I got recommendations from 2 athletes with foot problems to see a particular PT. He showed me the damage in real-time using ultrasound, watched me walk, palpated the tendon, heel and calf like the orthopod never did. He referred me to an MD who treats sports injuries with prolotherapy, platelet injections, and stem cell injections. He was very honest, and assured me that many injuries respond well to these therapies, and that not not all can. Surgery is sometimes necessary. My wife did a little research and says the published data is very ambivalent. The orthopod says the data is pretty sketchy, and she would not recommend it For Me.
So, this has lead me to a few conclusions:
– You’ve Got to read the inserts on your medications, so you are aware of possible side effects. Don’t rely on your doctor’s office to educate you.
– Steroids seem to be better for improving joint injury than tendons and ligaments.
– Don’t think you Know Better Than Anybody Else What Is Best For You. Ask questions.
And the experience has raised Lots of questions for me, having trained in the biological sciences and biomedical engineering, and being a life-long athlete. The tear occurred about 5 months ago. About 1 month ago I stopped doing the eccentric exercises and push-till -there-is-discomfort daily walks. So My Achilles feels better in general, but not very sturdy.
So, Questions:
1) Is there some time point, after the second steroid injection, at which I should try the exercised again?

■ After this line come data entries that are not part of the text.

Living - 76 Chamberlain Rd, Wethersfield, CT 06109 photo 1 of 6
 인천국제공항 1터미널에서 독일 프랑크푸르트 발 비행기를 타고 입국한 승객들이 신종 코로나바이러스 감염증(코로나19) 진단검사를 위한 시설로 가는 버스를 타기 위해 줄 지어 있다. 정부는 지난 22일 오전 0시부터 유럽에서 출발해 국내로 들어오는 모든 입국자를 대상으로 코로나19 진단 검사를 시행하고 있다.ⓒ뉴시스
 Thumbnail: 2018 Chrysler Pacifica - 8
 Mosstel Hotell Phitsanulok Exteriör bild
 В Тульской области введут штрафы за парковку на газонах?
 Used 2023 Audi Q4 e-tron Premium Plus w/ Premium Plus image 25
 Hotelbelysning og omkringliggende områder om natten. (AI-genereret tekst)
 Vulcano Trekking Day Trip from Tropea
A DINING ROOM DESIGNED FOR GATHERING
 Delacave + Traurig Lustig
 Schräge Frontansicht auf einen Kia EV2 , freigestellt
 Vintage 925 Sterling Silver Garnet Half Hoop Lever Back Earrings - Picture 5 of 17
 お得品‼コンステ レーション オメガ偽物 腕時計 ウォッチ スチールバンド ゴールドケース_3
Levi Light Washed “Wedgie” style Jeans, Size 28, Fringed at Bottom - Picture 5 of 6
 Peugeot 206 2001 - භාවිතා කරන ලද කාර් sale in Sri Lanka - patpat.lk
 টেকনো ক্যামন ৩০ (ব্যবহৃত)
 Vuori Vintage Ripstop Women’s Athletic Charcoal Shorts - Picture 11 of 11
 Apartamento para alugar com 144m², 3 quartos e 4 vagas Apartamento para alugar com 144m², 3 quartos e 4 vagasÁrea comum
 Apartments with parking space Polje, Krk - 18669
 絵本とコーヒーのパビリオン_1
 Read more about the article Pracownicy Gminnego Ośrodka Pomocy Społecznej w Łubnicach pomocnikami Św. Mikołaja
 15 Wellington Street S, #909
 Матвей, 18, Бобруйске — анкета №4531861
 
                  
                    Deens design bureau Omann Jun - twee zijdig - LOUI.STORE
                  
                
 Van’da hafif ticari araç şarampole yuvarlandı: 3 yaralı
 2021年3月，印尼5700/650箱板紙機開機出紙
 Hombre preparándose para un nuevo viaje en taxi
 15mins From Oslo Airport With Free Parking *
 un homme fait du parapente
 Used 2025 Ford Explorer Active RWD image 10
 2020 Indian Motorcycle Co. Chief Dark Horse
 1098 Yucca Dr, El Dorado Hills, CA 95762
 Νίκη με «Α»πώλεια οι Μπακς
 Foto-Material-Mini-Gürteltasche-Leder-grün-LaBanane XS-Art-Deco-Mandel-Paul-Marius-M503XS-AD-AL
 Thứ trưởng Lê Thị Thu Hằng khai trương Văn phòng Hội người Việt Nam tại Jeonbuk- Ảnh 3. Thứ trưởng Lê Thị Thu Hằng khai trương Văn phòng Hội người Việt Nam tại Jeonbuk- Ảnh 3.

2) Is it worth the $3000 price tag to try the regenerative therapy, if I feel like I can afford it?
Had a cirtisone needle yesterday all went well thought i would have a good night sleep well up at 2:30am pain came back took panadine fort pain still here at 4:30am – say it could be this way for 48 hours then subside after then i 🙏
Can someone please tell me if steroid injections cause insomnia like the tablets do? I’m on the tablets at present and haven’t slept in months and now desperate. Thinking of trying the steroid injection but worried it also causes insomnia. Does anyone have any experience of this please?